* _Task description_: Repeat exactly the lines from the one containing "Hotel Foret The Spa Busan Eksteriør bilde" through the last line of the records below, both included, and nothing else.

(Stored items from a collection)
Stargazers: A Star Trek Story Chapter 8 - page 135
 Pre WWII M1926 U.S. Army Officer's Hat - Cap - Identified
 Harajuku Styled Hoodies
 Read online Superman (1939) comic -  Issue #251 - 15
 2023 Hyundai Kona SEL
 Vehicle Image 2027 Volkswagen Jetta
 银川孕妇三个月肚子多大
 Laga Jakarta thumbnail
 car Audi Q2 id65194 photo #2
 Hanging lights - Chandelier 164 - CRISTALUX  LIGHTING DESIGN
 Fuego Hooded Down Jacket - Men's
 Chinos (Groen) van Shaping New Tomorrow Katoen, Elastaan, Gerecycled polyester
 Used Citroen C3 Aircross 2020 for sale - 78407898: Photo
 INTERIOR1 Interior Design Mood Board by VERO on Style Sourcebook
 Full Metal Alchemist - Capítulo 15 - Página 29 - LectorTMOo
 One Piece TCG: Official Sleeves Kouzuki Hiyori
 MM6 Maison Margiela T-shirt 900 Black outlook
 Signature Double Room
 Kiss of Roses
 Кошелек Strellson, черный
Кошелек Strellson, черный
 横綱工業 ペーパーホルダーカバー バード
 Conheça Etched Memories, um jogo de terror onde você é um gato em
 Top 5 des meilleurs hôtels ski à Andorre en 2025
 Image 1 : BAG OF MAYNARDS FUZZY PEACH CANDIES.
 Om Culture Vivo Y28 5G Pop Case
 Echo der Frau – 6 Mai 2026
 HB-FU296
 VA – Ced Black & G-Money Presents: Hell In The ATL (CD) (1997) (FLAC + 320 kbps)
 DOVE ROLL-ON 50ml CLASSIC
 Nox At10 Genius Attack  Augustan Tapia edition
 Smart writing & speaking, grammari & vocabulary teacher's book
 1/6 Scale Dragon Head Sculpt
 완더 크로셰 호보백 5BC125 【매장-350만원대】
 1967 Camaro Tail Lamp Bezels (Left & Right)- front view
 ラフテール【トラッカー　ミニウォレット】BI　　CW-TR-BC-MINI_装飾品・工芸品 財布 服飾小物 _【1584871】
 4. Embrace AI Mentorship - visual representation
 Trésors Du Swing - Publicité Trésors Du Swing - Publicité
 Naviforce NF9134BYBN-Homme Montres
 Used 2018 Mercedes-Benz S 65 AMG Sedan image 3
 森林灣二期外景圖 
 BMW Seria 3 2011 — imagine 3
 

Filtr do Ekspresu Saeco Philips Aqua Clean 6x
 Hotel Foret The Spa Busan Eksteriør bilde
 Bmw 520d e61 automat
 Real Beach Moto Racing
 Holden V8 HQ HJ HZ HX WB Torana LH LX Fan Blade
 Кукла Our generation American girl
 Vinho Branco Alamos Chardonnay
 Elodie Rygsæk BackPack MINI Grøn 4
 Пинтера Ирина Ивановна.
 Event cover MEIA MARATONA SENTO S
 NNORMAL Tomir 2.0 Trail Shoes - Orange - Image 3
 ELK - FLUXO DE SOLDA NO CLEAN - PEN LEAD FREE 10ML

* _Result below_:
 Hotel Foret The Spa Busan Eksteriør bilde
 Bmw 520d e61 automat
 Real Beach Moto Racing
 Holden V8 HQ HJ HZ HX WB Torana LH LX Fan Blade
 Кукла Our generation American girl
 Vinho Branco Alamos Chardonnay
 Elodie Rygsæk BackPack MINI Grøn 4
 Пинтера Ирина Ивановна.
 Event cover MEIA MARATONA SENTO S
 NNORMAL Tomir 2.0 Trail Shoes - Orange - Image 3
 ELK - FLUXO DE SOLDA NO CLEAN - PEN LEAD FREE 10ML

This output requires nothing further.